## Exercise directions
Copy nothing but the lines running from the one containing "House for sale in Gunnison, Colorado" through the end of the listing below. Drop the pictures.
(Provided material begins)
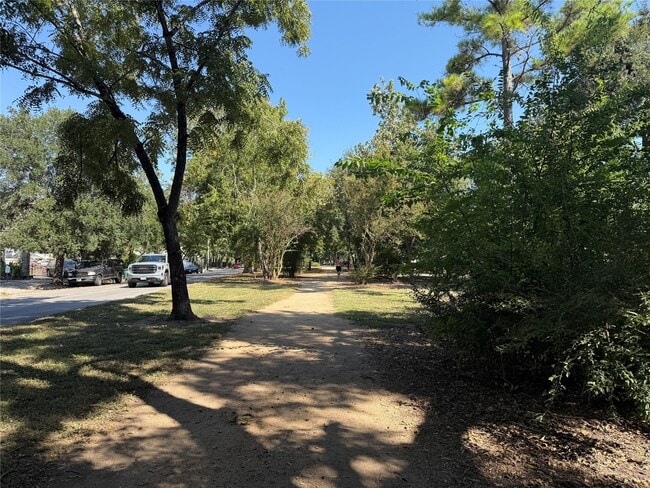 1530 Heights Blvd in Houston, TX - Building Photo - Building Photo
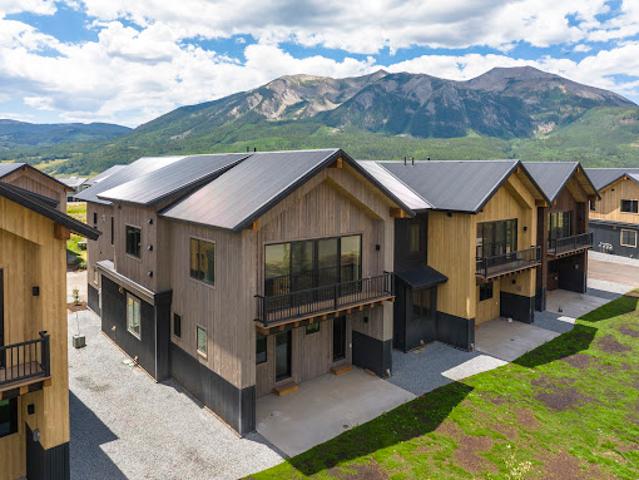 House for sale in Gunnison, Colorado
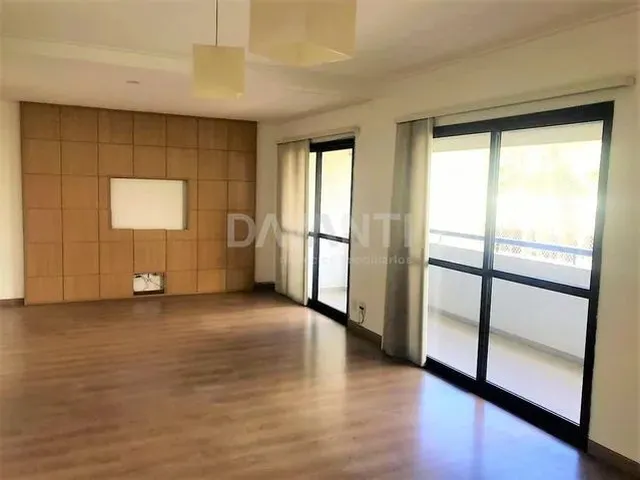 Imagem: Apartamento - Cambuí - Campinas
(Provided material ends)
## Answer box
 House for sale in Gunnison, Colorado
 Imagem: Apartamento - Cambuí - Campinas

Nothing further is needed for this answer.